For the material below, reproduce exactly each line from the one that has "118 S Eaglecrest Dr, Hamburg, NY 14075" through the one that has "4-Bedroom House to", and no others; pictures stay out.

**INPUT FOR THIS TASK**

· · · · · · ·

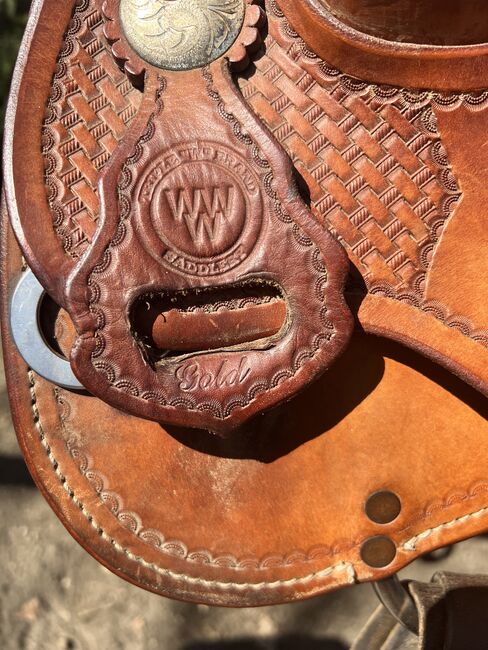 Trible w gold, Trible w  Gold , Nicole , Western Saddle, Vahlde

· · · · · · ·

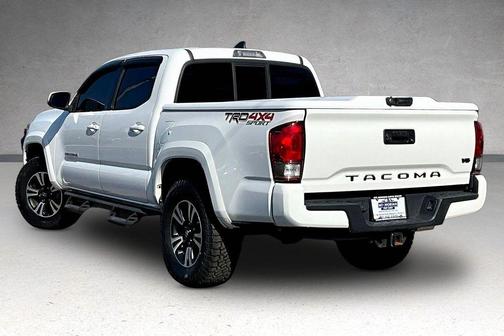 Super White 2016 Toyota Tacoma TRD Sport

· · · · · · ·

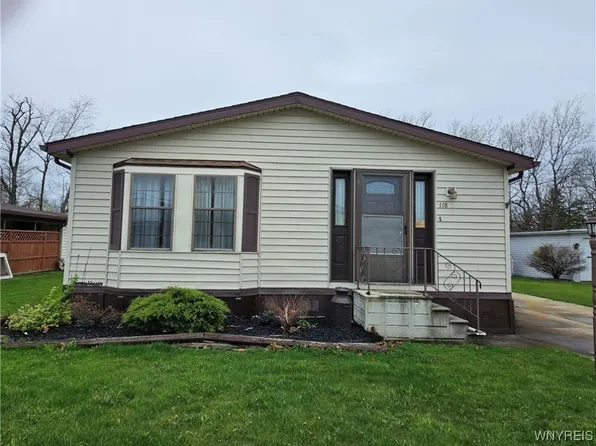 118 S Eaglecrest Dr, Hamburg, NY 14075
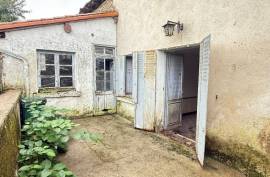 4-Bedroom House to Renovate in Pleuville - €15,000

· · · · · · ·

**FINISHED EXERCISE**
 118 S Eaglecrest Dr, Hamburg, NY 14075
 4-Bedroom House to Renovate in Pleuville - €15,000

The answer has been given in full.